We can check the status of the circuits thru the actuator /health
endpoint.
This would be the outcome of a healthy client application with all its circuits closed.
{
"status": "UP",
"diskSpace": {
"status": "UP",
"total": 498876809216,
"free": 303200821248,
"threshold": 10485760
},
"refreshScope": {
"status": "UP"
},
"hystrix": {
"status": "UP"
}
}
This would be the outcome if the circuit BusinesService1::request
is opened. By default, Hystrix names the circuits as follows: <GroupKey>::<CommandKey>
where <GroupKey>
is the name of the class, e.g. BusinessService1
and is the name of the method, e.g. request
. We will see in the next sections how we can override these names.
{
"status": "UP",
"diskSpace": {
"status": "UP",
"total": 498876809216,
"free": 303195176960,
"threshold": 10485760
},
"refreshScope": {
"status": "UP"
},
"hystrix": {
"status": "CIRCUIT_OPEN",
"openCircuitBreakers": [
"BusinesService1::request"
]
}
}
We can also capture circuit's metrics via the /metrics
endpoint.
We can also monitor live circuit's metrics via the /hystrix.stream
endpoint. Unless we create an application that consumes from this stream, it is going to be difficult to take advantage of it.

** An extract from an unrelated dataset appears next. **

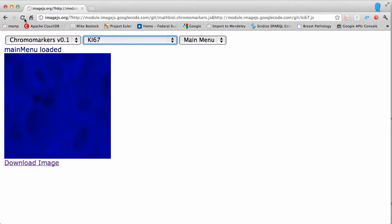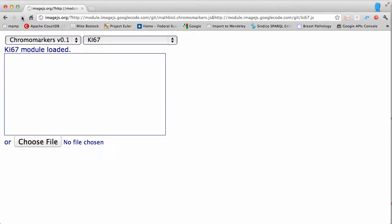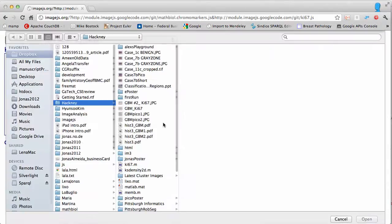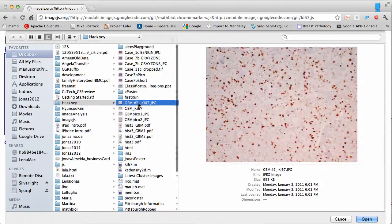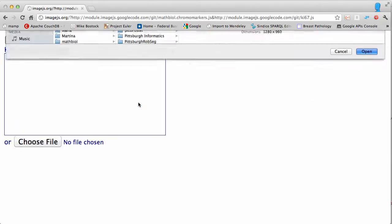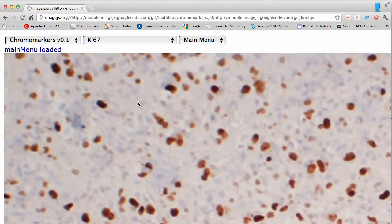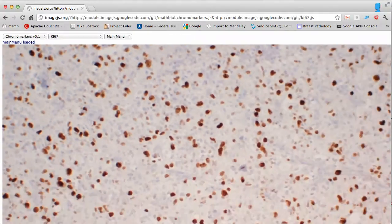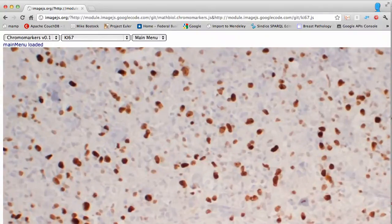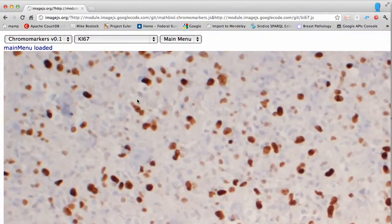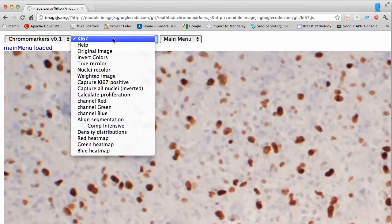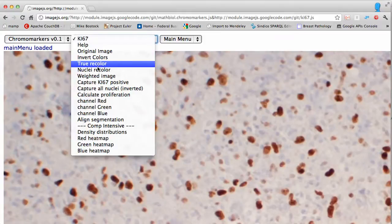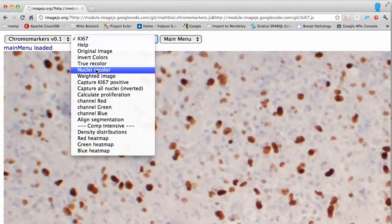You can reload the module to reset it. We'll focus on a specific region so you can see what image analysis processes are doing to the different features. One of the operations developed specifically for ki67 image analysis is the nuclei recolor operation.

Instead we are going to create an Spring Boot application annotated with @EnableHystrixDashboard
which allows us consume from /hystrix.stream
and produce a web dashboard. Thru this dashboard we can quickly figure out which circuit is getting most requests or which ones are closed or opened, etc.

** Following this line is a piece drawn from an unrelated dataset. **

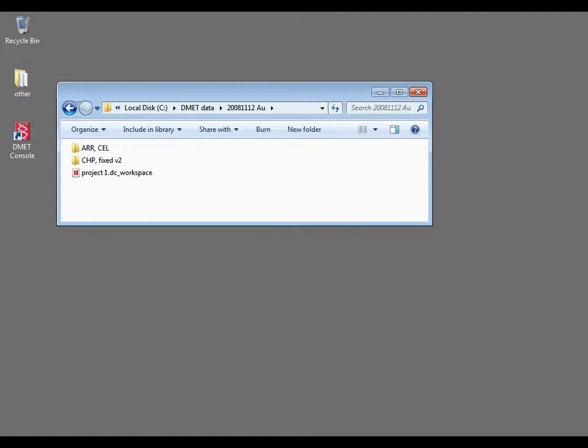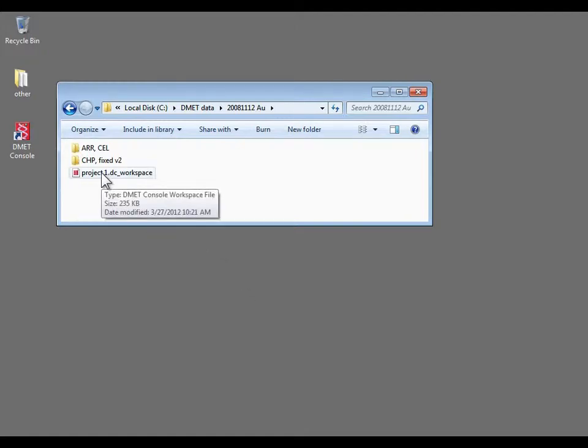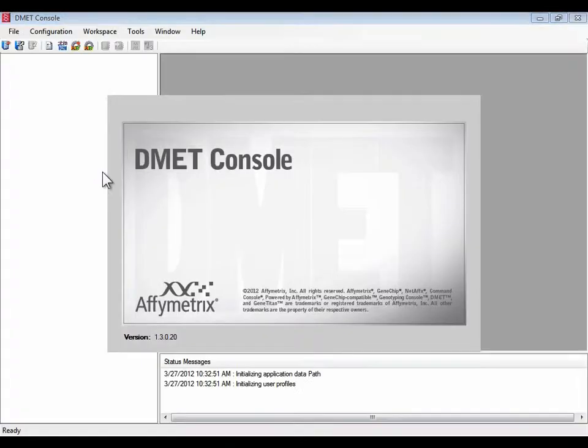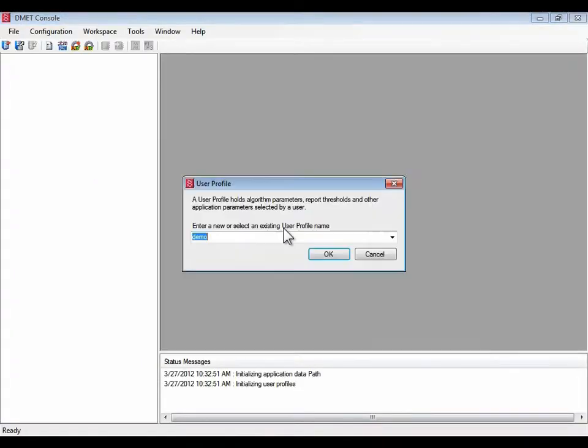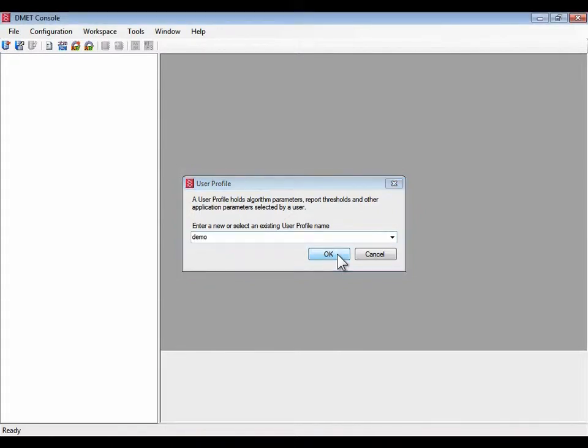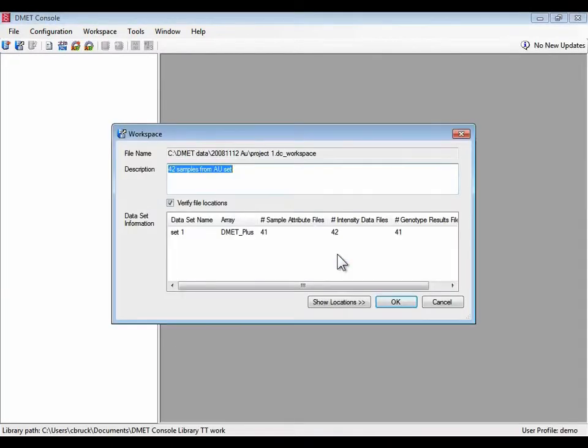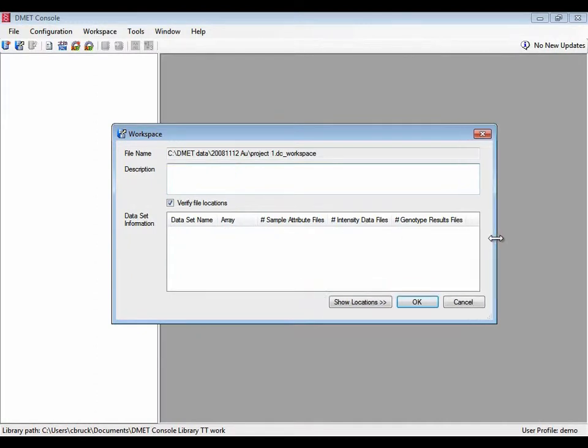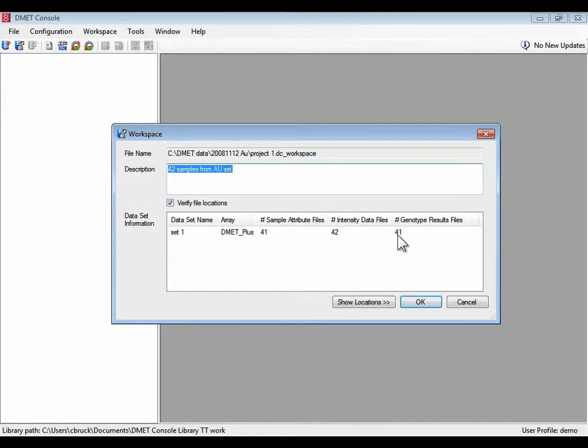Let's start by opening some existing data. I'm going to double click a workspace to launch DMET Console, select my user profile, and verify that this is the workspace I want to open. It has 42 cell intensity files and 41 genotype results files or chips. So we have some data that we can do allele translation on.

- Launch Hystrix dashboard
hystrix-dashboard/mvn spring-boot:run
- Open a browser and point it to
http://localhost:9999/hystrix
- Enter the following url in the input box:
http://localhost:8081/hystrix.stream
. This is the feed of live hystrix metrics emitted by our client application. - We will see something like this :
- On this web page we are looking at all the circuits for the application http://localhost:8081/hystrix.stream (top bar) we entered at the beginning. Because we only have one @HystrixCommand we only have one circuit.
- The Dashboard consists of 2 sections: list of circuits and list of Thread Pools
- There is one circuit per @HystrixCommand and by default there is one Thread Pool per Java Class which has one or many @HystrixCommand
- We will only see a circuit if it has been used or called. And most likely you will have to refresh your browser to pick up new circuits.

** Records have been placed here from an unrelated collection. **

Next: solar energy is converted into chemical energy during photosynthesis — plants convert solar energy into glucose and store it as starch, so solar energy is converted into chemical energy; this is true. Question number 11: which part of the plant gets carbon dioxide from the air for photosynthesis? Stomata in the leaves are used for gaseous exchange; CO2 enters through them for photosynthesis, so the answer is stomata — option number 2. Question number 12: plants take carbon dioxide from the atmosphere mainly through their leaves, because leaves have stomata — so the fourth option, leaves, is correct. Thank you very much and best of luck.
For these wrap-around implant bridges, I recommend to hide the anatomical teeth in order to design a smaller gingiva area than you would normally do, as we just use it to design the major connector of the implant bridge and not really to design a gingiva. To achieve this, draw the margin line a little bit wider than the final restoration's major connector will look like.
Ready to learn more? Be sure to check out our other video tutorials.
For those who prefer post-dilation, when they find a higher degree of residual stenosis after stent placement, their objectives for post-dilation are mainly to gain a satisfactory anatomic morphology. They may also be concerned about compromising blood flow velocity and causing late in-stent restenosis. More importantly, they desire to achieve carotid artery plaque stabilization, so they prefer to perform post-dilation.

- Which Thread Pool is used by which circuit is not evident in the dashboard. However, if we follow certain naming convention for circuits we can infer it from their names. We will see an example later on.
- We can sort the circuits by their volume, by the number of errors, by the mean response time, etc. This is extremely useful when we have a large number of circuits. Say our application is failed, we probably want to sort the circuits by error count to quickly identify if any of the circuits is having any issues.
We are going to explore each aspect of this dashboard in the next sections.
- stop service-a
- the circuit should still be closed because we have not called service-a yet !!!
- test connectivity
- send 10 requests:
./test-ab.sh 10 1 200 250 localhost:8081/req1?message=hello
- check the response time's percentiles. We can see that we are still trying to call service-a
- check the dashboard :
- See that the circuit is still closed: Circuit: Closed
- See the count of failed requests in red font equal to 10. This means that the method was invoked and threw an exception.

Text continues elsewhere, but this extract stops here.